Schächten in Judentum und Islam
(Letzter Bericht: 3/2002, 91f.; 4/2003, 144) Die „Jüdische Allgemeine“ berichtet über eine internationale Fachtagung zum Thema des rituellen Schächtens aus der Sicht von Veterinärmedizinern, Neurologen, Tierschützern u.a., die am ersten April-Wochenende in Berlin stattfand. In Anbetracht der rechtlich ungeklärten Situation aufgrund einander widersprechender Gerichtsurteile sollte den Veterinärämtern Entscheidungshilfe geboten werden.

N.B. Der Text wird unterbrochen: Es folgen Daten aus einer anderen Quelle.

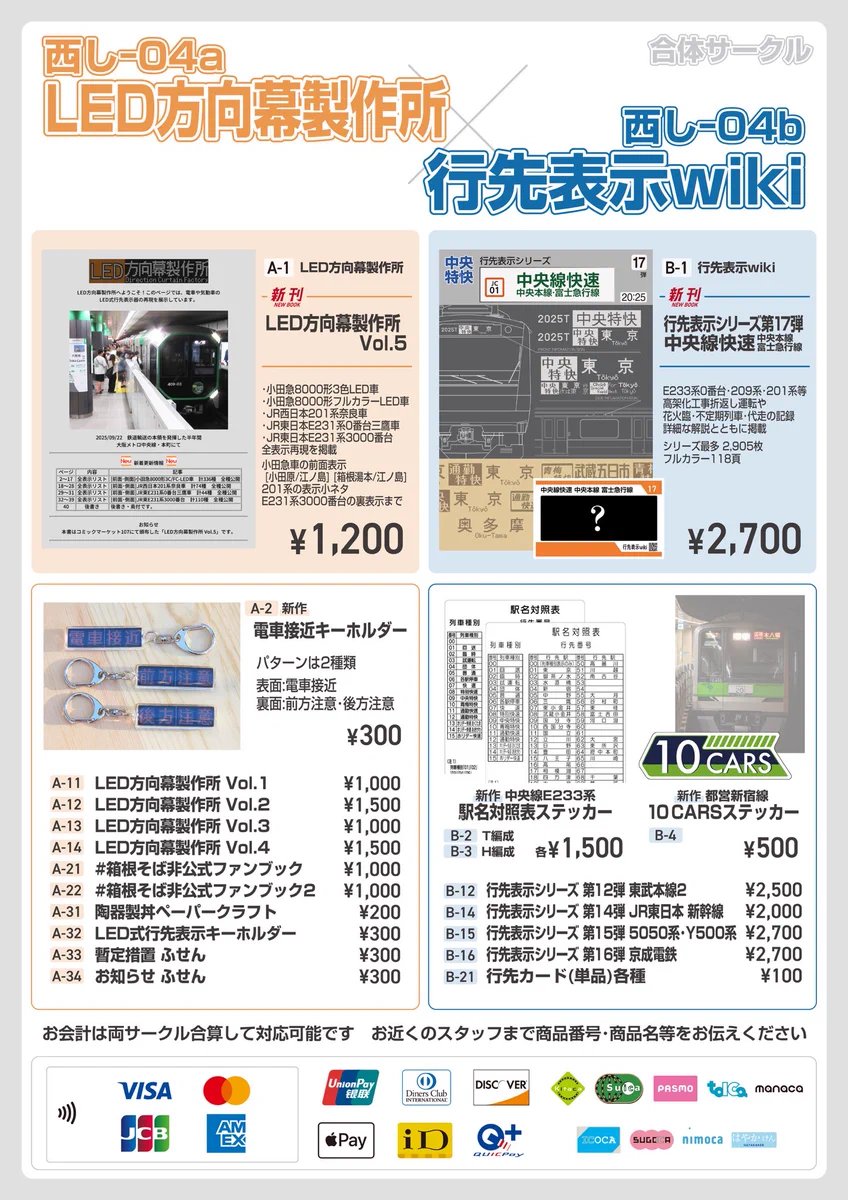 行先表示wiki (@ikisaki_wiki) / X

Unterschiedliche Meinungen gab es über das Ausmaß des Schmerzes, der den Tieren bei unterschiedlichen Schlachtungsmethoden zugemutet wird. Im Prinzip sollen bei einem vorbildlichen Schächtungsvorgang dem Tier Haut, Zungenmuskulatur, Luftröhre, Speiseröhre, Halsschlagader, Drosselvenen und zahlreiche Nerven durchgetrennt werden. Durch den Blutdruckabfall im gesamten arteriellen System wird schnell Bewusstlosigkeit herbeigeführt. Bei Rindern wird die Bewusstlosigkeit durch einen langsameren Blutdruckabfall aufgrund einer Mitbeteiligung der Wirbelsäulenschlagader verzögert, sie sind allerdings, insbesondere im Islam, der seltenere Fall in der Schächtungspraxis (hier werden Schafe und Hühner bevorzugt). Schmerz wird, darin sind sich alle einig, dem Tier beim Schächten in jedem Falle zugefügt, ob und wie stark es diesen wahrnimmt, ist wiederum Gegenstand von Meinungsunterschieden. Tiere, die ohnehin eher schmerzempfindungsarm sind, werden diesen auch bei der Schlachtung kaum spüren, meinte etwa der Neurophysiologe Manfred Zimmermann aufgrund von Laboruntersuchungen an Ratten und Mäusen. Dieser Meinung wurde jedoch auch widersprochen. Wesentlich für die Schmerzbelastung sei auch die Art der Fixierung des Schlachttieres – eine aufrechte Fixierung vor dem Schnitt sei optimal, wurde auf dem Hintergrund der Praxis jüdisch-rituellen Schlachtens in nordamerikanischen Schlachthöfen argumentiert. Auch Betäubungsarten wurden diskutiert, die partiell von jüdischen Gemeinschaften in Österreich, Schweden und den USA anerkannt werden. Die Tierärztliche Vereinigung für Tierschutz e.V. ist bereit, Ausnahmegenehmigungen zum Schächten unter folgenden Voraussetzungen zu akzeptieren: schonende Fixierung in aufrechter Körperhaltung, optimaler Entbluteschnitt, unverzügliche Betäubung bei fehlerhaften Schnitten, Sachkunde der Durchführenden sowie Hygiene.